Using AWS, you can set up and deploy all kinds of services within minutes–everything from virtual machines and containers, to file storage, to databases, and even a programming code function. While deploying AWS services can be easy, sizing them can be challenging. 

In fact, it’s hard to anticipate the amount of resources your new project might require without historical data on a similar application, run with a similar code stack, receiving similar levels of user activity, during peak usage hours. And because of so much unknown, it’s far safer to overestimate your resource needs than it is to risk application stability by trying to start off lean. But there is something you can do to dial in those resources soon after deploying them. 

In this article, we’ll take a look at the most common AWS sizing tools for resource optimization, broken down by their different approaches, so you can start reducing your overall bill.

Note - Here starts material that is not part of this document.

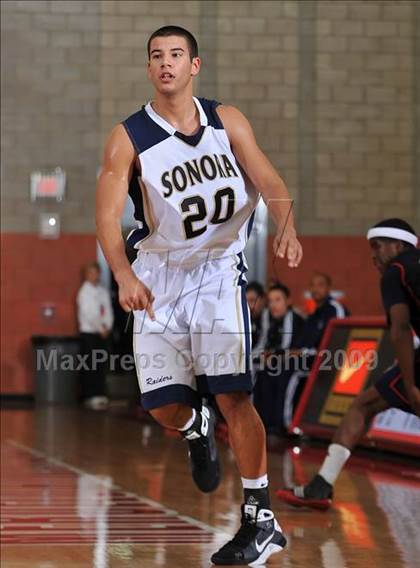 Thumbnail 3 in Sonora vs. Colony (Nike Extravaganza) photogallery.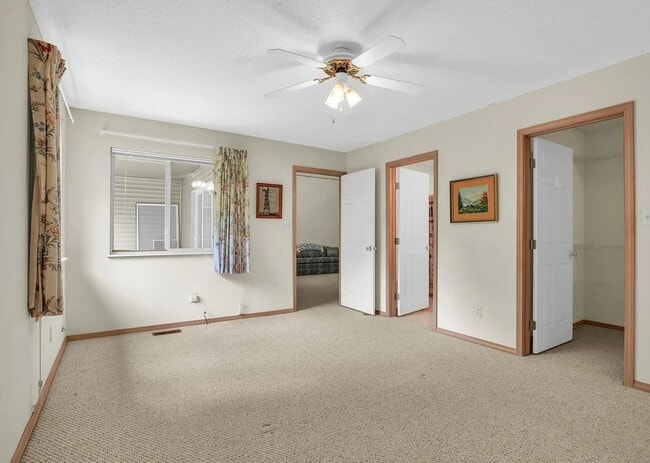 Building Photo - 1801 Glenwood Oaks Ct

1. Sizing by Recommendations

Trusted Advisor is an AWS sizing tool that provides resource recommendations across five categories: cost optimization, performance, security, fault-tolerance, and service limits. These recommendations are powered by checks (up to 115 in total) that run in real-time across each category. 

Trusted Advisor Dashboard (Source. https://aws.amazon.com/)

These checks can save you money by automatically:

  • Identifying unused resources
  • Identifying  idle resources
  • Recommending Savings Plan purchases
  • Checking for over- or under- used instances
  • Checking reservation contract expirations

Trusted Advisor also supports email notifications that trigger when a check’s status changes. You can use ongoing real-time checks and email notifications as a great way to trigger automating your scripted AWS sizing tasks. 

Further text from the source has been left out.